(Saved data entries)

+-------+

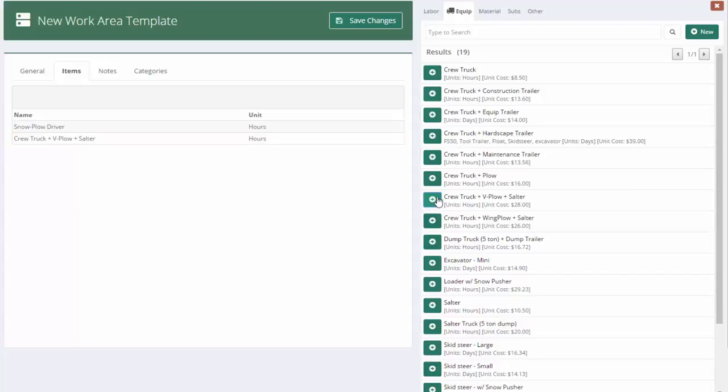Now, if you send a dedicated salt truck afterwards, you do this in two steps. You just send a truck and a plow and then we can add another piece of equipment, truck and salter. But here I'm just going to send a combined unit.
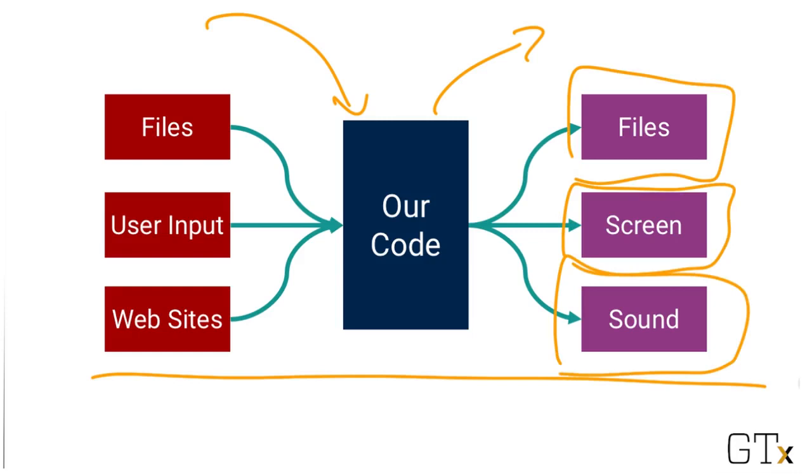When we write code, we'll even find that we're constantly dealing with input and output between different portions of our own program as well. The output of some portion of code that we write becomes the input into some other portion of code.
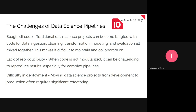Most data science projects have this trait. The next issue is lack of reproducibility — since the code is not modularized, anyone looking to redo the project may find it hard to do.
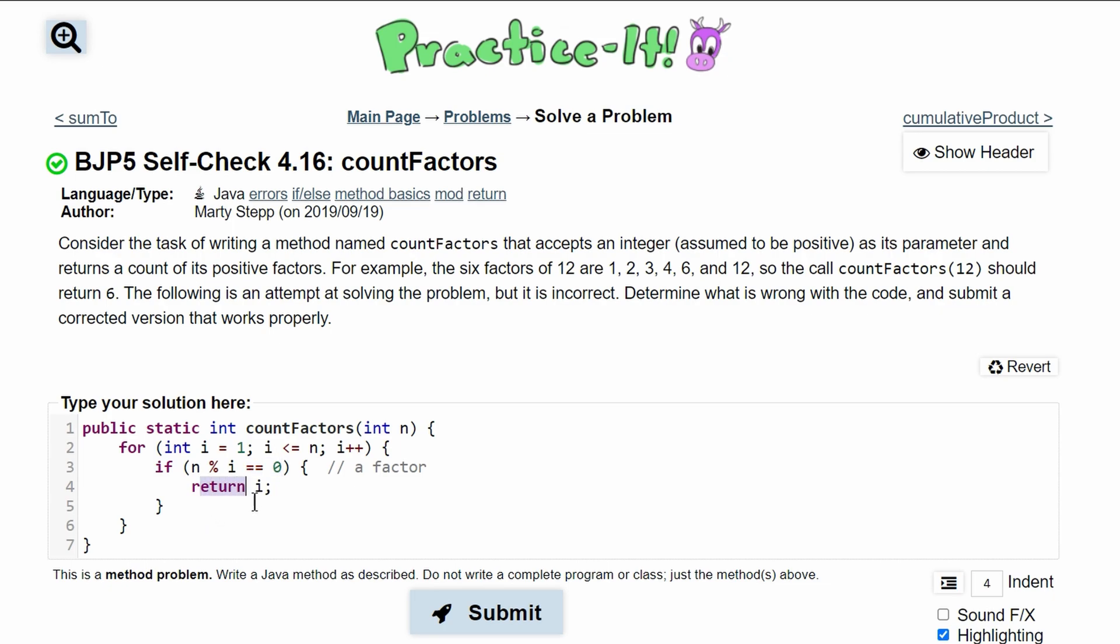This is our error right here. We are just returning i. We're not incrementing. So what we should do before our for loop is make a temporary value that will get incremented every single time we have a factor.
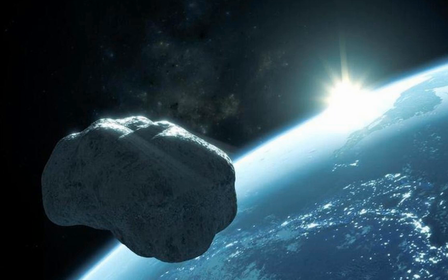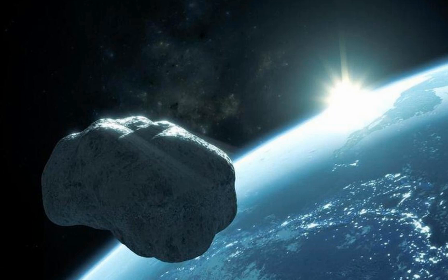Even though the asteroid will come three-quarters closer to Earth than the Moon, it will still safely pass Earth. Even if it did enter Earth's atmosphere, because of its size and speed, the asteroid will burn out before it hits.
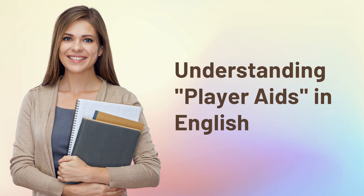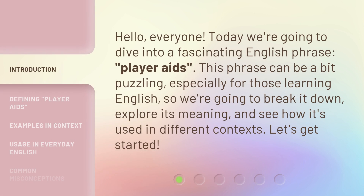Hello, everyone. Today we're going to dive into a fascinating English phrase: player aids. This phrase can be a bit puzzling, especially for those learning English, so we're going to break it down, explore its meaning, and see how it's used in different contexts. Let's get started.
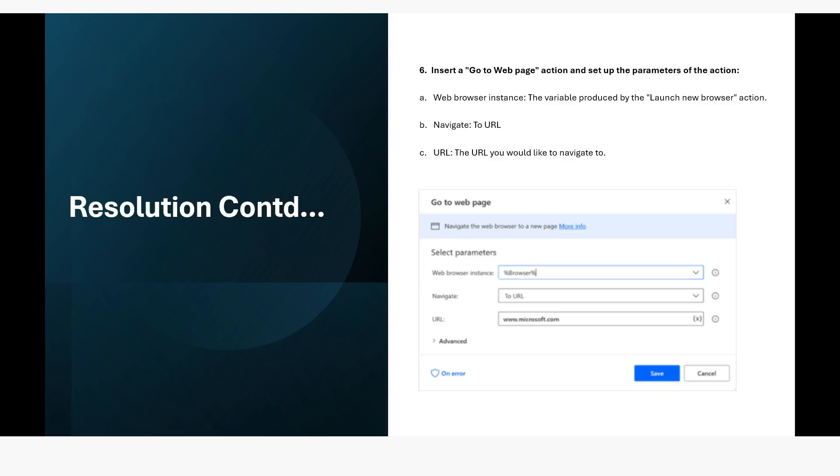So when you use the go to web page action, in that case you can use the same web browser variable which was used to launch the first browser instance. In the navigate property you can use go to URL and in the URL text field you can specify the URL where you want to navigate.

+-------+

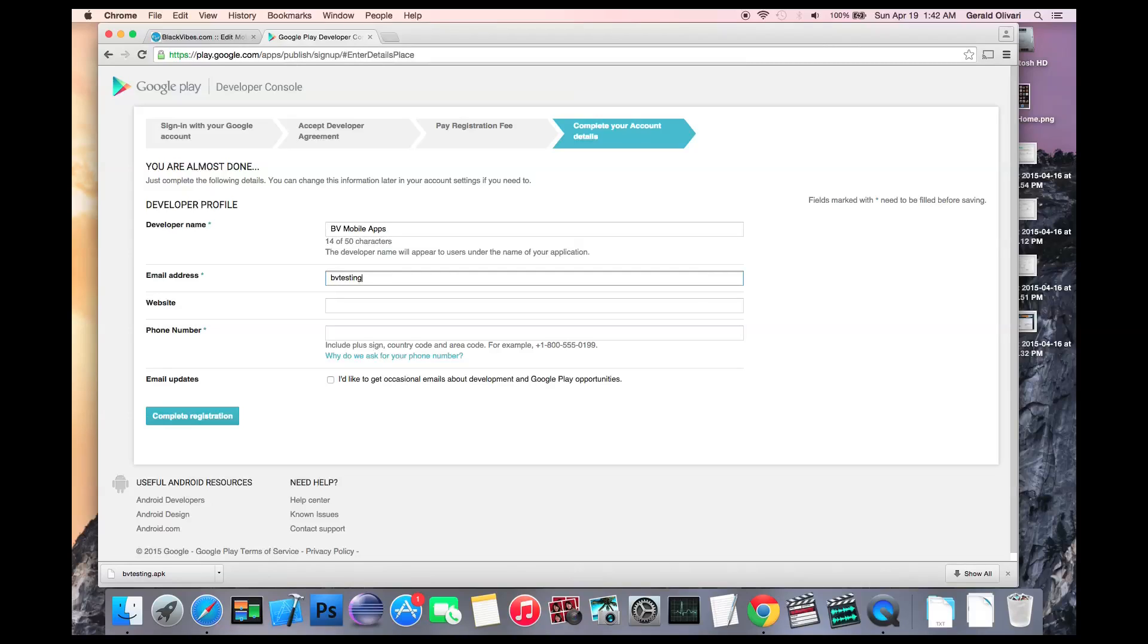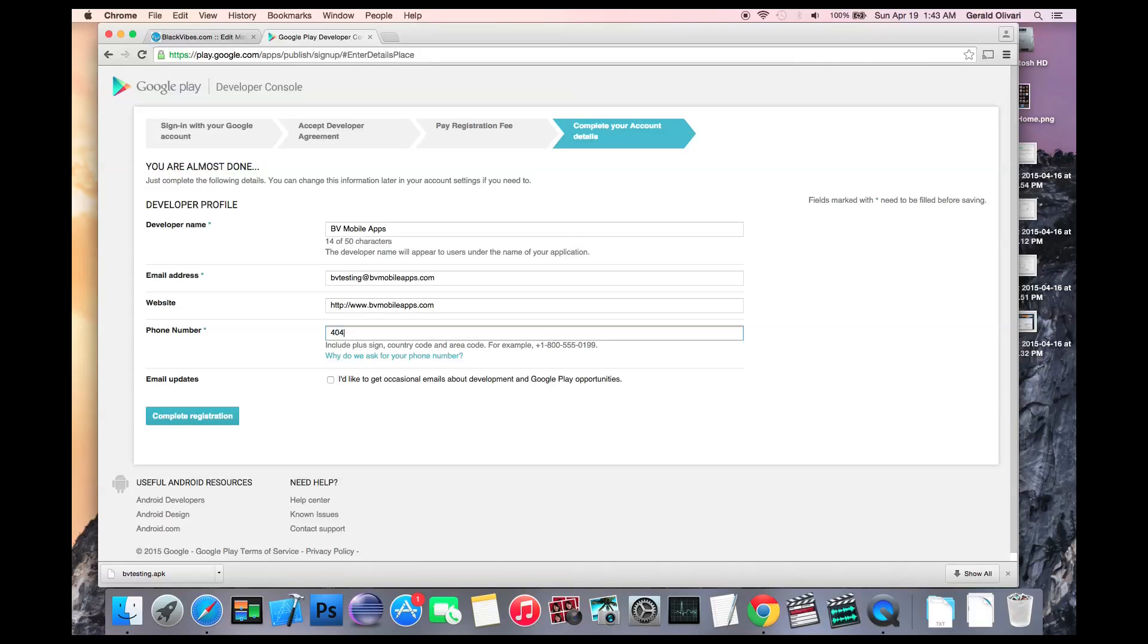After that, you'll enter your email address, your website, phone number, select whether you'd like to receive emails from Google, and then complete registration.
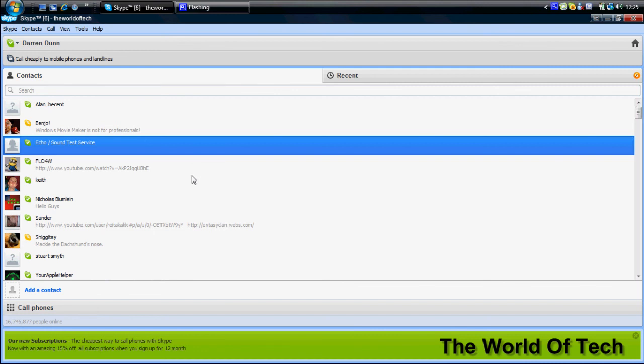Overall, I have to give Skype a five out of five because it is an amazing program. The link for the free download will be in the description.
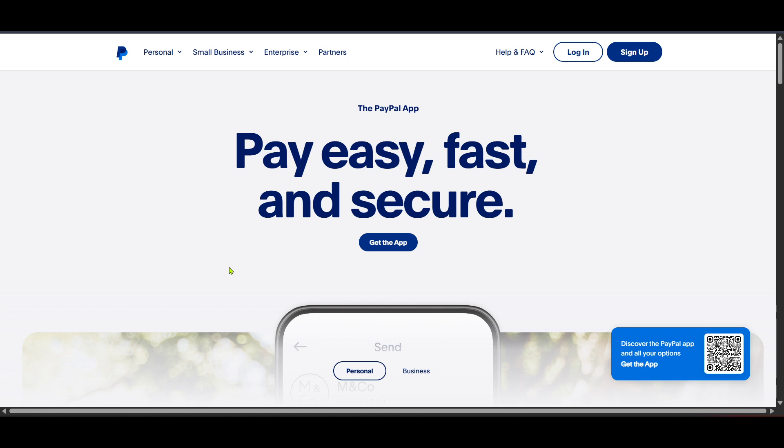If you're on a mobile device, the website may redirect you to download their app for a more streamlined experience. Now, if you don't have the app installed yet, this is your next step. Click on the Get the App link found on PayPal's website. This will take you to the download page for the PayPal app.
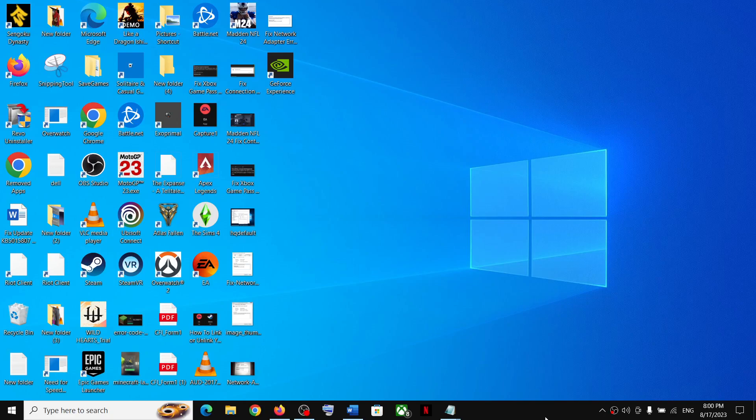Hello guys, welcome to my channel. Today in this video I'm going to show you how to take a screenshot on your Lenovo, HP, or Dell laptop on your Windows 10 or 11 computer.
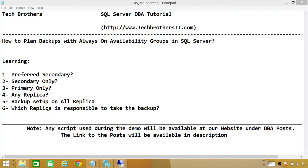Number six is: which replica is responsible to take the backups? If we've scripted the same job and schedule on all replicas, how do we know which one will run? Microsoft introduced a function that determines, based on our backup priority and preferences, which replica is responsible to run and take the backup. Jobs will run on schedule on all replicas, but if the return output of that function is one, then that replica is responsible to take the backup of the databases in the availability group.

+-------+

**Problem to solve**
Your reply should consist solely of the lines above from the line containing "After that, you'll" up to and including the line containing "Hello guys, welcome", reproduced exactly, minus the pictures.

**Problem solution**
After that, you'll enter your email address, your website, phone number, select whether you'd like to receive emails from Google, and then complete registration.
Overall, I have to give Skype a five out of five because it is an amazing program. The link for the free download will be in the description.
If you're on a mobile device, the website may redirect you to download their app for a more streamlined experience. Now, if you don't have the app installed yet, this is your next step. Click on the Get the App link found on PayPal's website. This will take you to the download page for the PayPal app.
Hello guys, welcome to my channel. Today in this video I'm going to show you how to take a screenshot on your Lenovo, HP, or Dell laptop on your Windows 10 or 11 computer.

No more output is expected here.